Hackett mentioned Ford laid the inspiration final yr “for a a lot stronger, extra resilient and extra dynamic enterprise. A enterprise that we need to inform you may thrive now and sooner or later.”
This is how the corporate did in contrast with what Wall Road anticipated, based mostly on common estimates compiled by Refinitiv:
— Adjusted earnings per share of 30 cents vs. a forecast of 32 cents per share
— Automotive section income: $38.7 billion vs. a forecast of $36.88 billion
Ford took a $1.18 billion cost for “particular objects” that have been excluded from its adjusted earnings. The fees stem principally from pension and layoff prices. On an unadjusted foundation, Ford misplaced $116 million, or three cents a share, in the course of the fourth quarter.

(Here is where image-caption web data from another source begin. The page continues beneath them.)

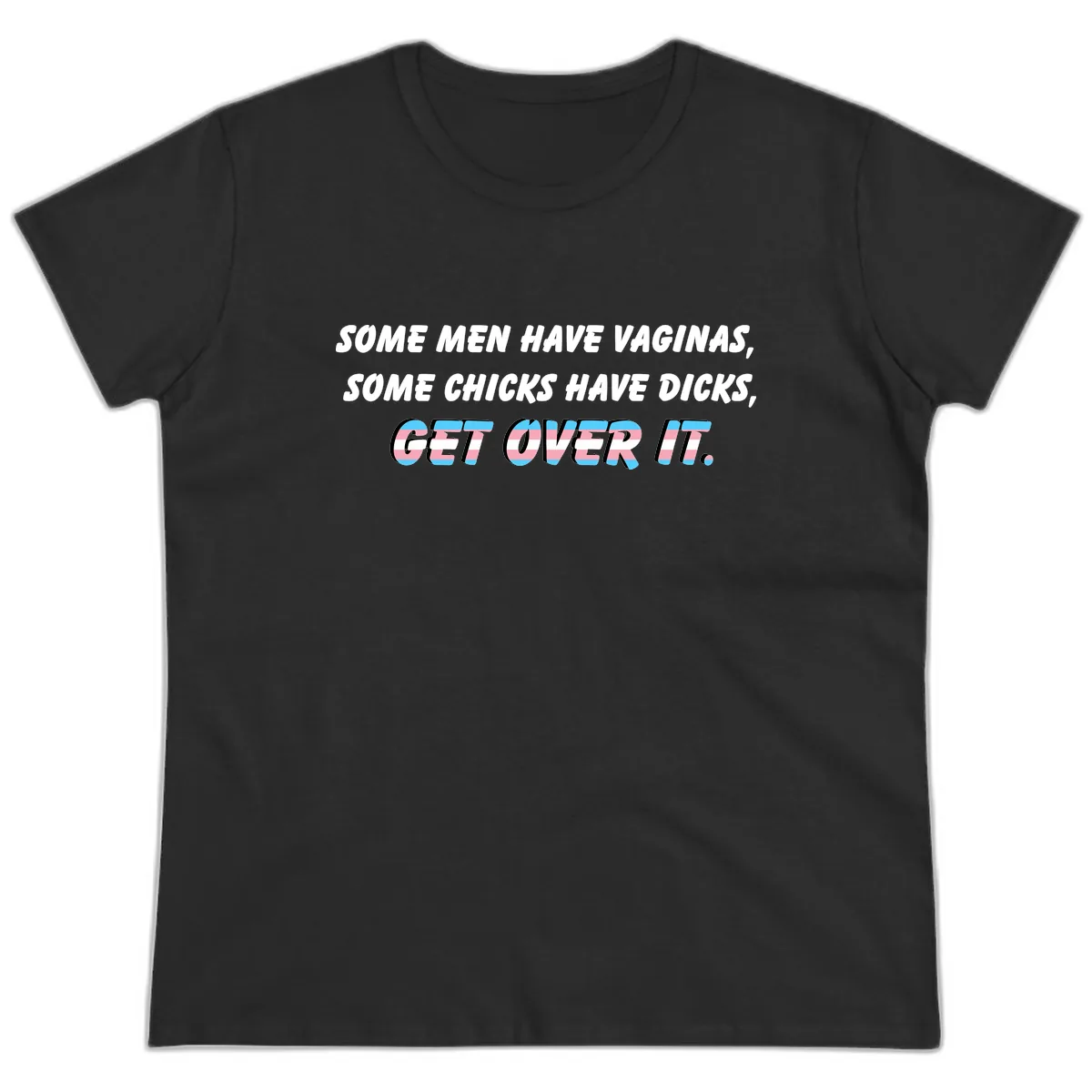 Get Over It Trans Pride Ladies Tee in Black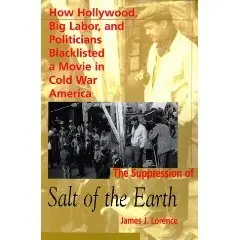 The Suppression of Salt of the Earth: How Hollywood, Big Labor and Politicians Blacklisted a Movie in Cold War America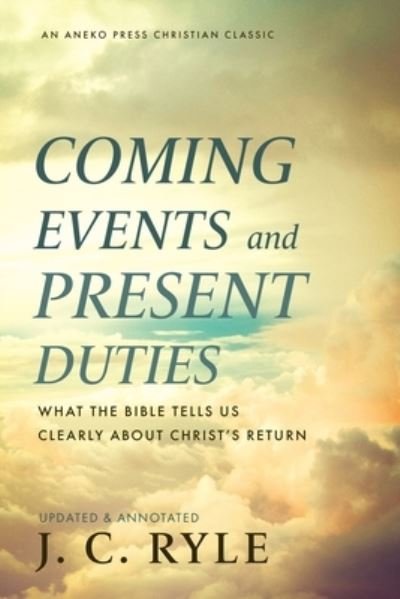Coming Events and Present Duties - J. C. Ryle - Livros - Life Sentence Publishing, Inc. - 9781622458394 - 1 de agosto de 2022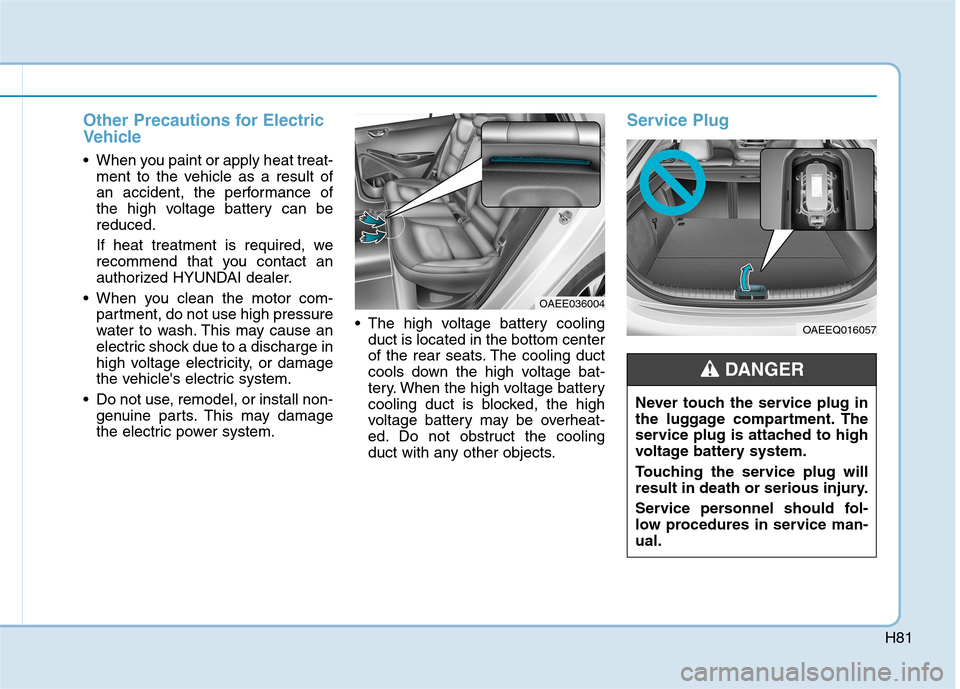 Hyundai Ioniq Electric 2017 Owners Manual H81
Other Precautions for Electric
Vehicle
When you paint or apply heat treat-ment to the vehicle as a result of
an accident, the performance of
the high voltage battery can bereduced.
If heat tre Hyundai Ioniq Electric 2017 Owners Manual H81
Other Precautions for Electric
Vehicle
When you paint or apply heat treat-ment to the vehicle as a result of
an accident, the performance of
the high voltage battery can bereduced.
If heat tre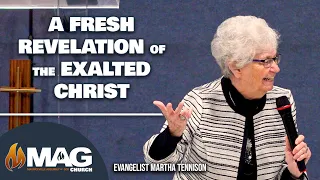 A Fresh Revelation of The Exalted Christ | Evangelist Martha Tennison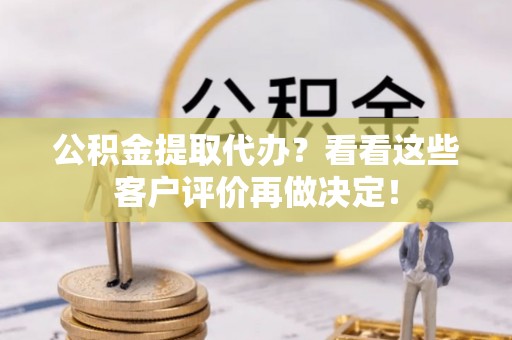 溪湖公积金提取代办？看看这些客户评价再做决定！
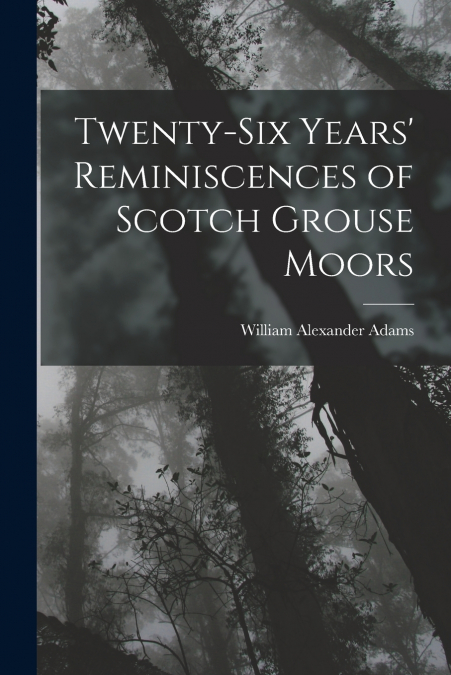 Twenty-Six Years’ Reminiscences of Scotch Grouse Moors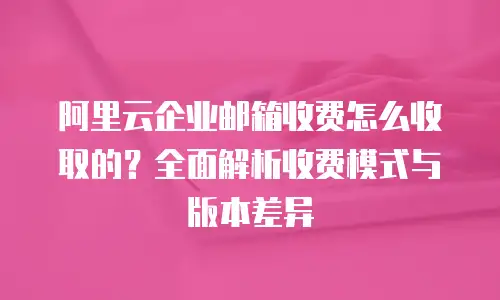 阿里云企业邮箱收费怎么收取的？全面解析收费模式与版本差异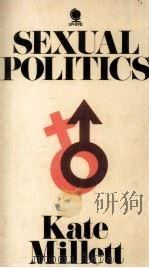 Sexual Politics   1971  PDF电子版封面    Kate Millett 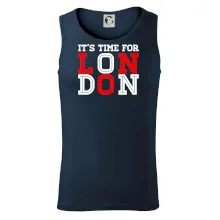 Its time for LONDON Its time for LONDON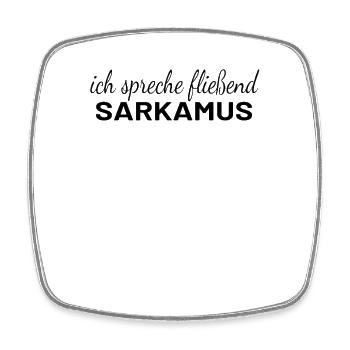 "Sarcasm - Fluent Sarcasm Speaking Funny" - Square fridge magnet - white - Front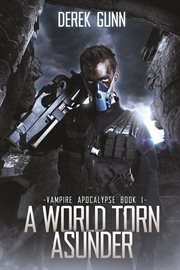 Vampire apocalypse : a world torn asunder cover image
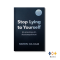 หนังสือ Stop Lying to Yourself 101 ความจริงแทงใจที่จะดึงสติคุณได้ทันที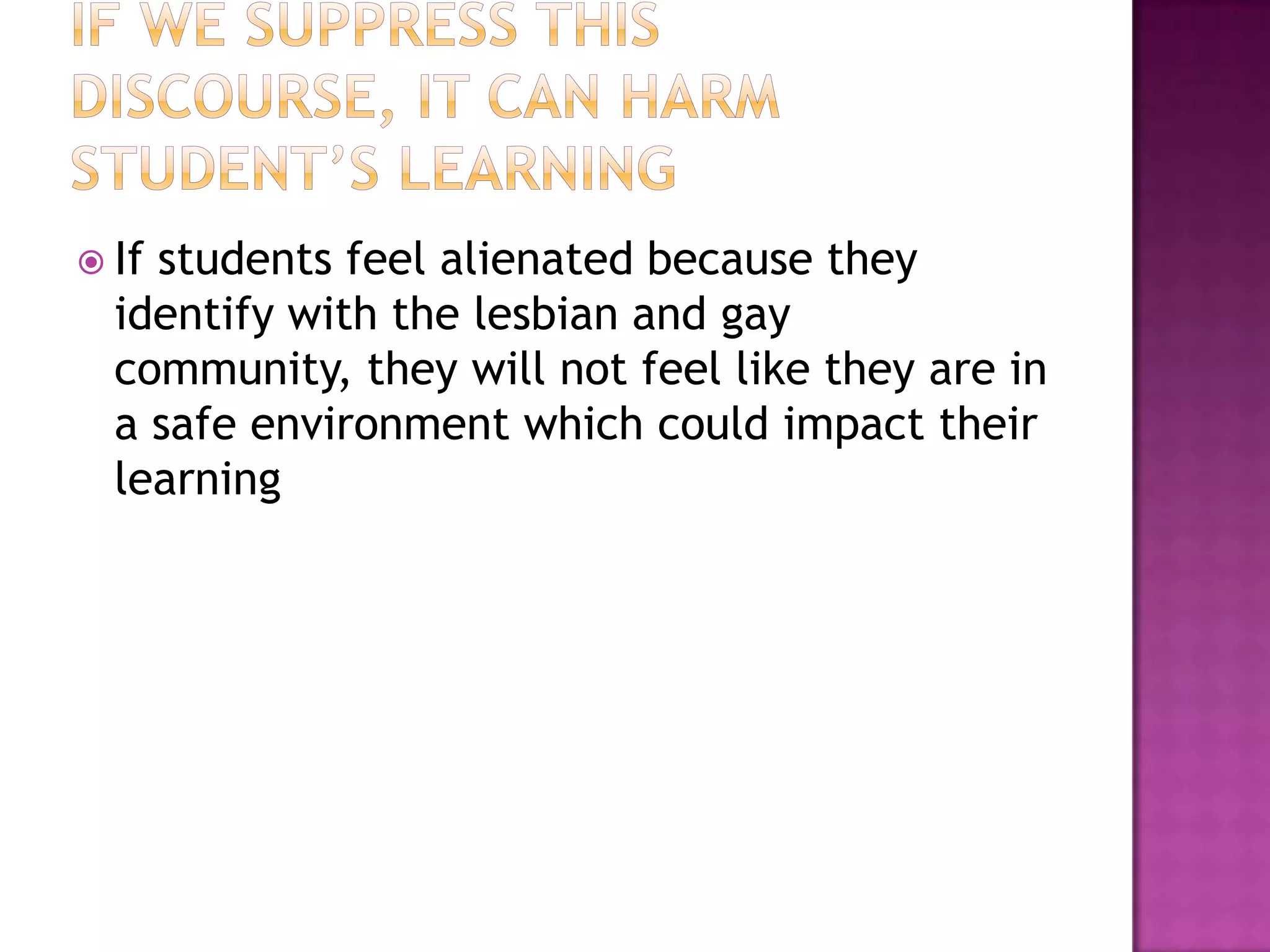  Ifstudents feel alienated because they
  identify with the lesbian and gay
  community, they will not feel like they are in
  a safe environment which could impact their
  learning
 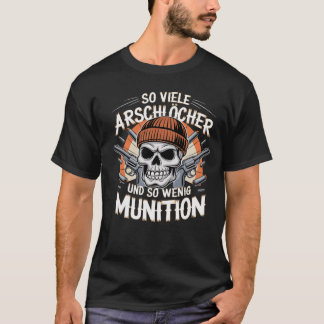 T-shirt "So many assholes - So little ammunition"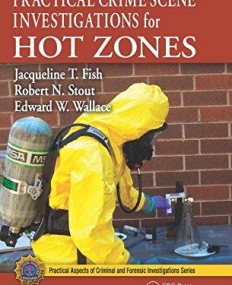 PRACTICAL CRIME SCENE INVESTIGATIONS FOR HOT ZONES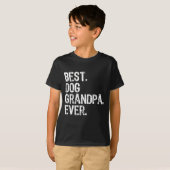 Best Dog Grandpa Ever Funny Cool T-shirt (Voorkant volledig)
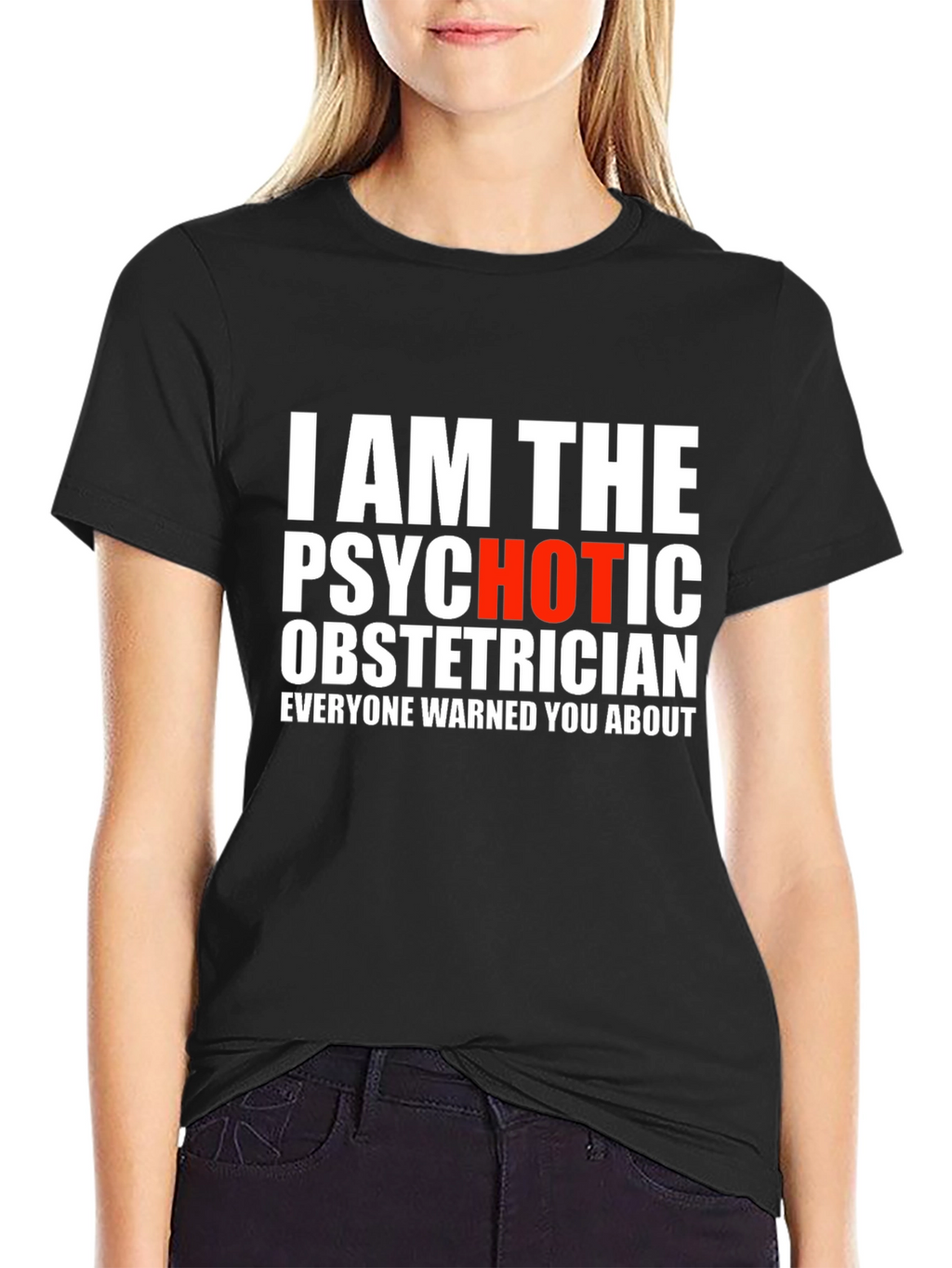 I AM THE PSYCHOTIC OBSTETRICIAN T-Shirt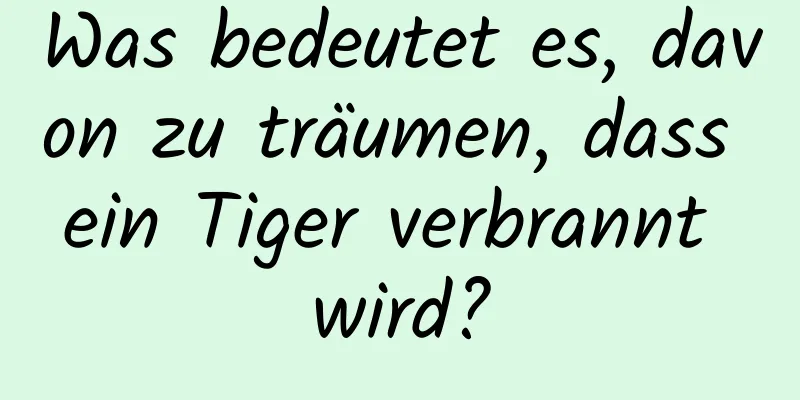 Was bedeutet es, davon zu träumen, dass ein Tiger verbrannt wird?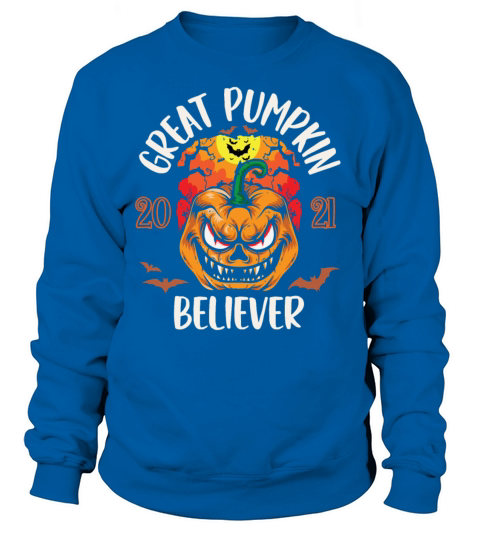 Great Pumpkin Believer 2021 Halloween Women's Sweatshirt
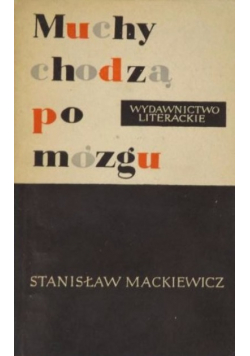 Muchy chodzą po mózgu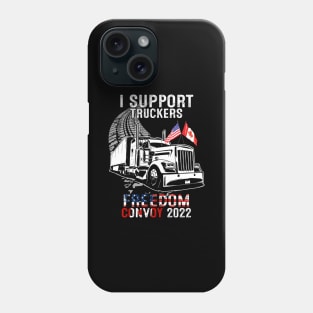 I Support Truckers Freedom Convoy 2022 Canadian Flag Trucker Phone Case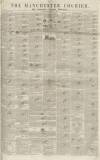 Manchester Courier Saturday 16 March 1839 Page 1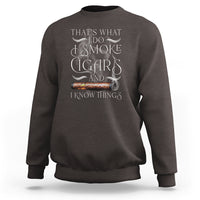 Cigar Lover Sweatshirt That's What I Do I Smoke Cigars And I Know Things - Wonder Print Shop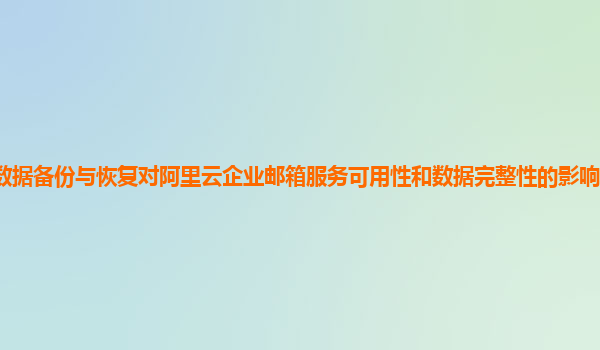 数据备份与恢复对阿里云企业邮箱服务可用性和数据完整性的影响评估和优化？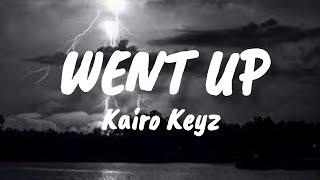 Kairo Keyz - WENT UP [Lyrics]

It generated a revenue of $2.52 billion, or 63 cents per share, a yr earlier.
The corporate’s complete income was $41.eight billion in the course of the quarter, barely increased than its $41.three billion in income throughout the identical quarter final yr.
“Whereas 2018 was a difficult yr, we put in place key constructing blocks to construct a extra resilient and aggressive enterprise mannequin that may thrive irrespective of the financial surroundings,” Shanks mentioned in a press release.
Regardless of the losses, Ford expects to have the ability to absolutely fund its enterprise and capital wants in 2019, whereas conserving money and liquidity at or above goal ranges, Shanks mentioned.
On an adjusted foundation, the corporate earned 30 cents a share, which missed analyst expectations of 32 cents per share, based on analysts surveyed by Refinitiv. It was additionally lower than the 39 cents a share the corporate reported in the identical quarter of 2017.